By transforming duplicated data flows into coordinated distribution, networks gain greater control over performance and resource allocation.

3.4 Evolution of Connectivity to Experience

Caton Enhanced MoQ enables network operators and service providers to move beyond commodity bandwidth offerings toward experience-centric services.

Experience-Driven Differentiation
Latency, reliability, and synchronisation become measurable service attributes rather than best-effort outcomes.

Service-Level Guarantees
Deterministic performance supports contractual commitments for professional media workflows.

Platform-Based Revenue Models
Open architecture allows multiple content providers and applications to share infrastructure efficiently.

Operational Cost Optimisation
Reduced reliance on upstream transit improves margins while mitigating exposure to congestion and capacity constraints.

This transformation allows networks to evolve from passive carriers of data to active enablers of digital experiences.
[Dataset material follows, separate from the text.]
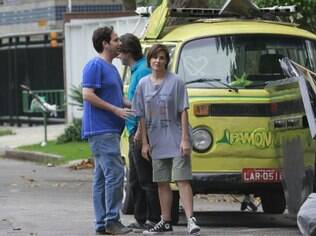 Deborah Secco e Eduardo Moscovis gravam no Rio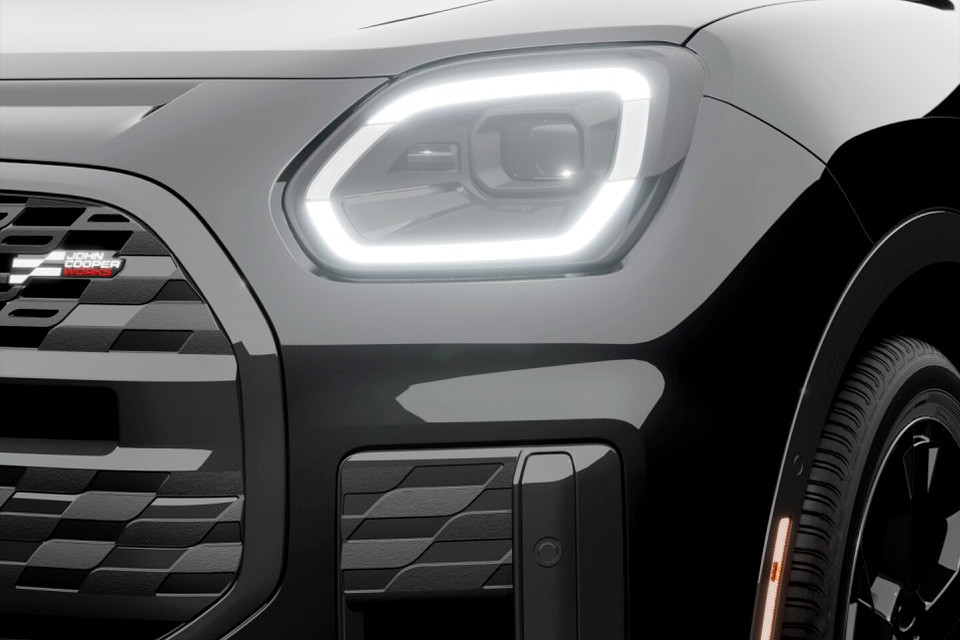 2027 MINI Countryman - Image 11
3.5 Enabling Future Media Ecosystems

The demand for real-time communication continues to expand into new domains, including:

  • Live sports and entertainment distribution
  • Remote production and cloud workflows
  • Interactive streaming and audience participation
  • Immersive and spatial media experiences
  • Hybrid physical-digital events

Conventional delivery networks optimised for file distribution struggle to meet sub-second latency requirements at scale. Enhanced MoQ provides a foundation for these emerging applications by combining decentralised dissemination with adaptive routing.

3.6 Strategic Timing

Several converging trends make adoption particularly significant at this stage:

  • Growing alignment around open real-time delivery standards
  • Rapid expansion of ultra-high-definition media
  • Rising expectations for synchronous interaction
  • Economic pressure to improve infrastructure efficiency

Organisations that invest early in object-based real-time delivery can position themselves to support next-generation services while maintaining flexibility as technologies evolve.

Conclusion: Toward a Real-Time Media Internet

The evolution of digital media is entering a new phase defined by immediacy, interactivity, and scale. Traditional delivery mechanisms, originally designed for file transfer and buffered streaming, are increasingly constrained by a structural trilemma between latency, reliability, and operational cost. As audiences and industries move toward real-time experiences, this trade-off has become a limiting factor not only for performance but also for the economic sustainability of large-scale media delivery.

Media over QUIC (MoQ) represents a foundational architectural shift. By treating media as objects and distributing them through a Publish/Subscribe model, MoQ establishes a pathway to combine low-latency responsiveness with scalable distribution. As the standard continues to mature, production deployments require additional operational capabilities, including more deterministic routing, bandwidth efficiency mechanisms, and resilience under real-world network conditions.

Caton Enhanced MoQ builds upon the core MoQ architecture to address these requirements, enabling object-based real-time delivery to function as an operational system rather than a conceptual model. Beyond technical performance, the broader significance of this shift lies in how it changes the role of networks: from passive conduits of traffic to intelligent distribution layers that can actively shape experience, efficiency, and service outcomes.

As open standards gain momentum and real-time applications expand across broadcasting, cloud production, interactive media, and immersive experiences, object-based delivery architectures are likely to become a central component of next-generation media infrastructure. Organisations that adopt these principles early will be better positioned to support emerging services, improve cost efficiency, and maintain flexibility as the ecosystem continues to evolve.

Ultimately, the transition to real-time media delivery is not a single protocol upgrade; it is a structural transformation in how information moves across networks. MoQ establishes the foundation. Enhanced implementations make it deployable. And the organisations that invest in these capabilities will define the next era of media distribution.